- _Records for the task_
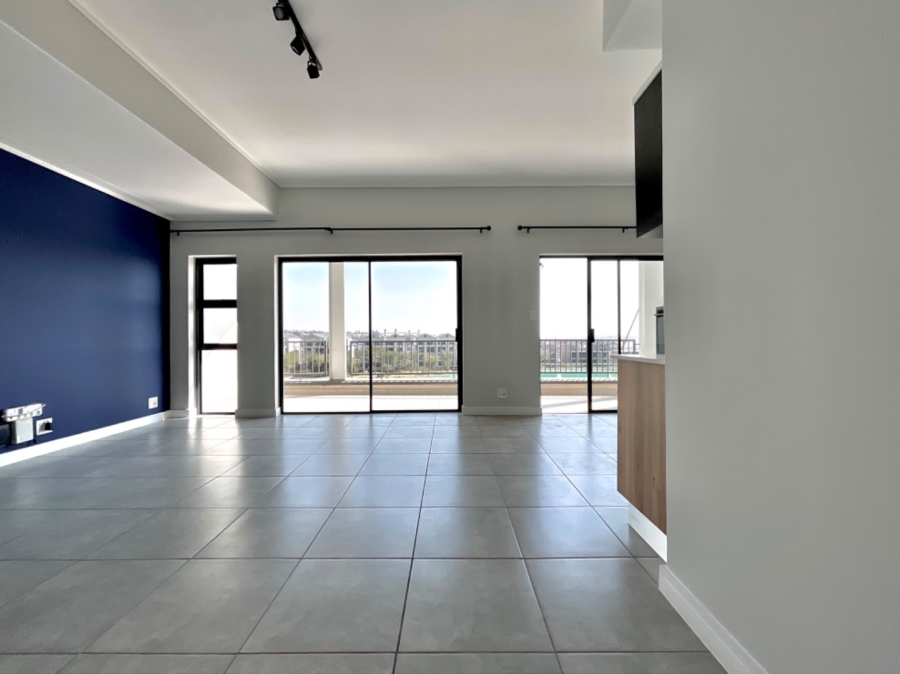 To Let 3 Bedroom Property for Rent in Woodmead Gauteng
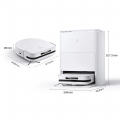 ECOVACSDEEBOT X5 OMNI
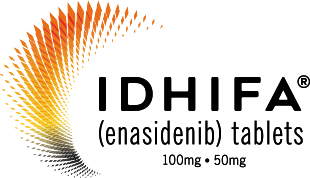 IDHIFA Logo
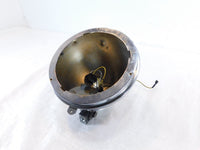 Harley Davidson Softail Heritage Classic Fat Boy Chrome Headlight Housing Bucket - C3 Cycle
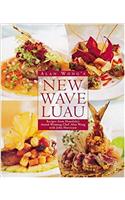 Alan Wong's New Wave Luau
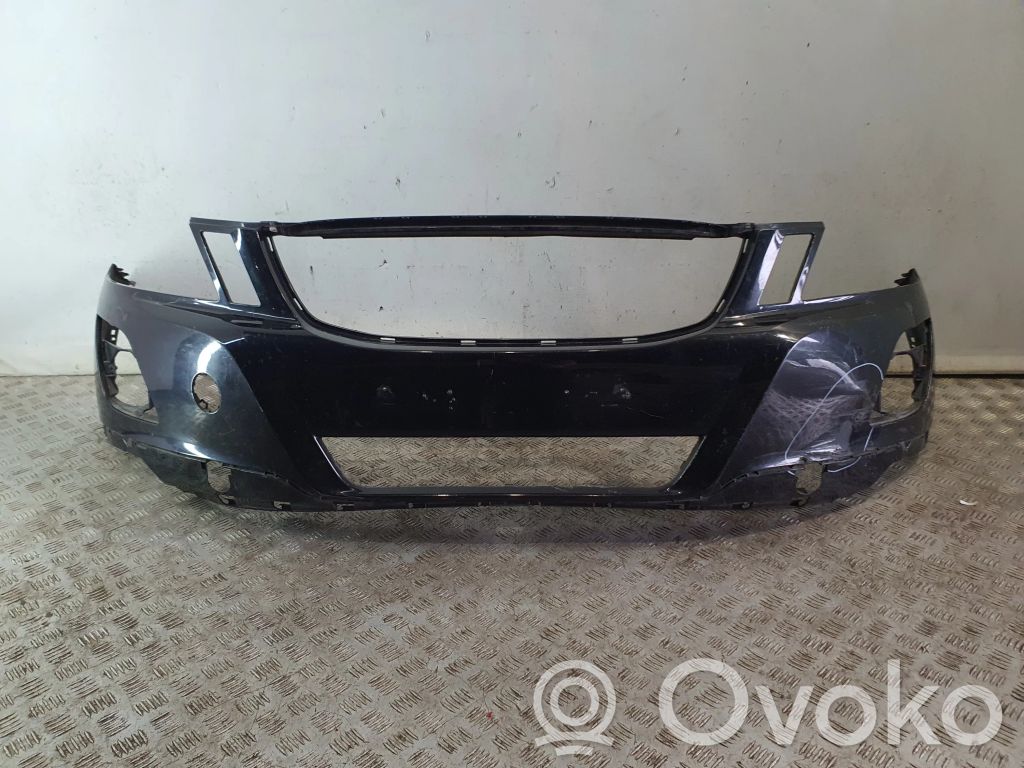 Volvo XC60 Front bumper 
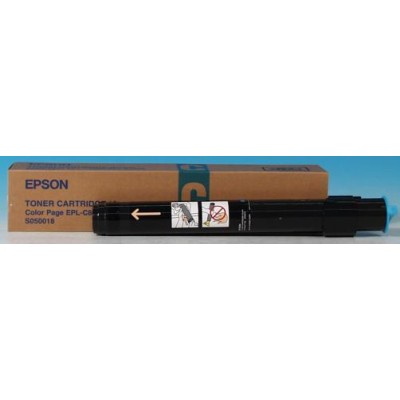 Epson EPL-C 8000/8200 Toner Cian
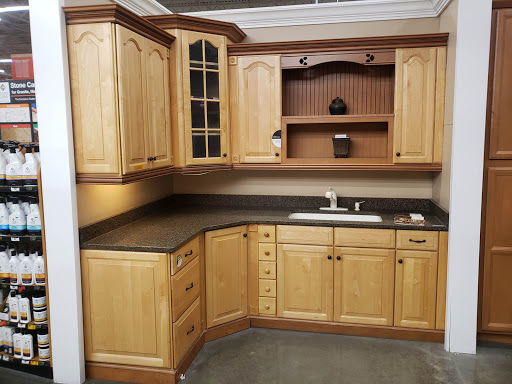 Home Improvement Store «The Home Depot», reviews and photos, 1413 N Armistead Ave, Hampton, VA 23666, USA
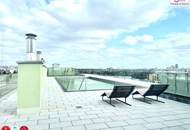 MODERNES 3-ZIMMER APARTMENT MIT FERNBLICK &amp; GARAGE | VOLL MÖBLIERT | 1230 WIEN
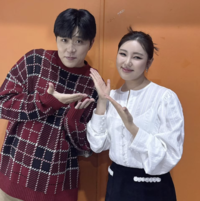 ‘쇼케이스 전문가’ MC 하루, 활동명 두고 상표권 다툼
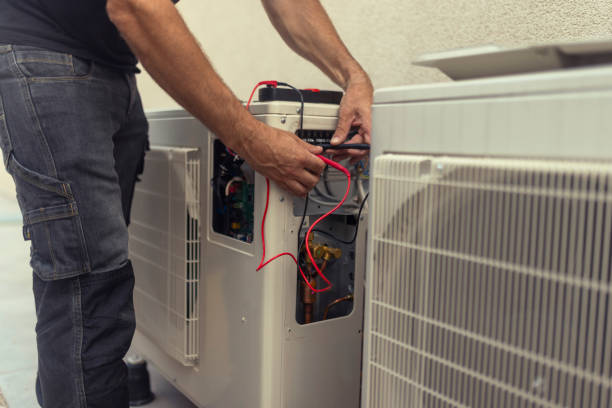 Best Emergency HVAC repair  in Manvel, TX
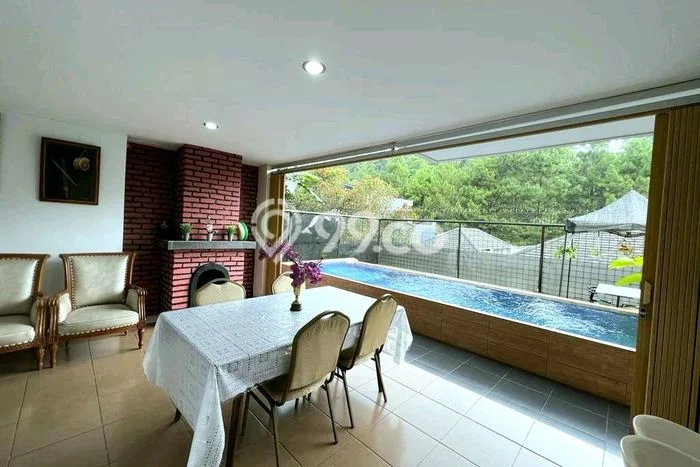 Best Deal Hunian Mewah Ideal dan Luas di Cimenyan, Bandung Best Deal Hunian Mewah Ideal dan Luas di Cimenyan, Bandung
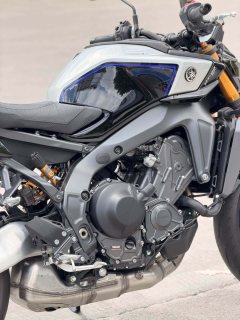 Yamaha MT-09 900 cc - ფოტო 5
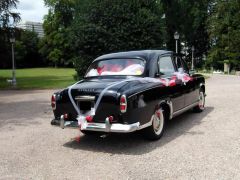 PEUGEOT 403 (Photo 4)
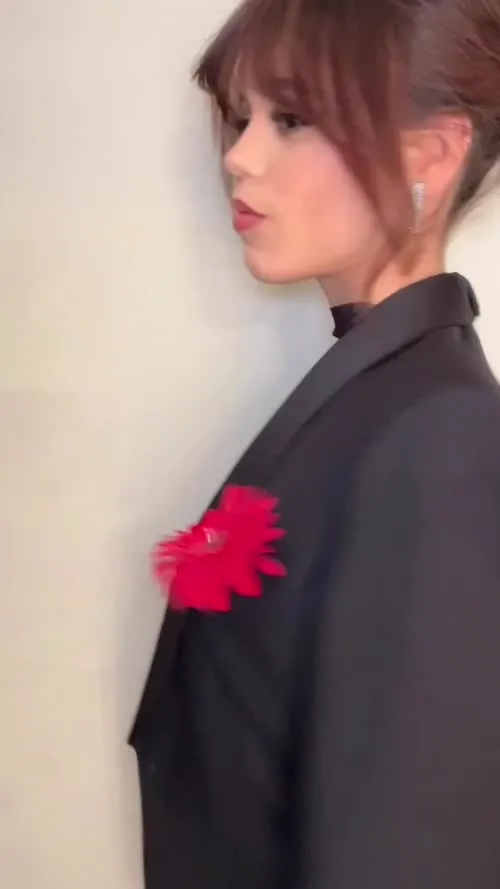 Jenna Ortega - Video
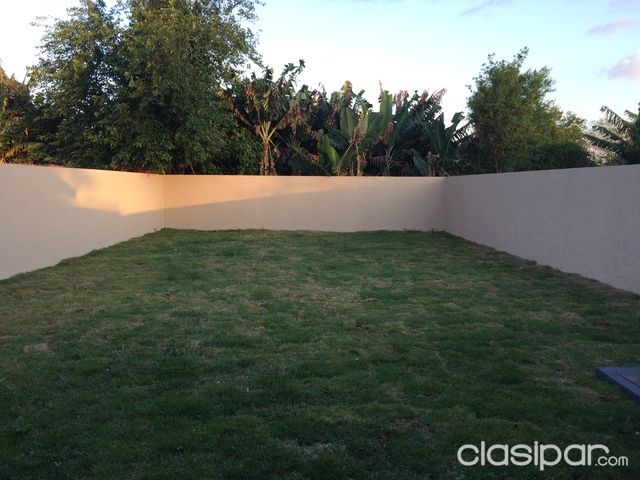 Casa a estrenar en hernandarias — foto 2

- _What you have to do_
Find "ECOVACSDEEBOT X5 OMNI" in the entries, then reproduce that line and each line after it exactly, through the last one. Pictures do not go in.

- _Result for this exercise_
 ECOVACSDEEBOT X5 OMNI
 IDHIFA Logo
 Harley Davidson Softail Heritage Classic Fat Boy Chrome Headlight Housing Bucket - C3 Cycle
 Alan Wong's New Wave Luau
 Volvo XC60 Front bumper 
 Epson EPL-C 8000/8200 Toner Cian
 Home Improvement Store «The Home Depot», reviews and photos, 1413 N Armistead Ave, Hampton, VA 23666, USA
 MODERNES 3-ZIMMER APARTMENT MIT FERNBLICK &amp; GARAGE | VOLL MÖBLIERT | 1230 WIEN
 ‘쇼케이스 전문가’ MC 하루, 활동명 두고 상표권 다툼
 Best Emergency HVAC repair  in Manvel, TX
 Best Deal Hunian Mewah Ideal dan Luas di Cimenyan, Bandung Best Deal Hunian Mewah Ideal dan Luas di Cimenyan, Bandung
 Yamaha MT-09 900 cc - ფოტო 5
 PEUGEOT 403 (Photo 4)
 Jenna Ortega - Video
 Casa a estrenar en hernandarias — foto 2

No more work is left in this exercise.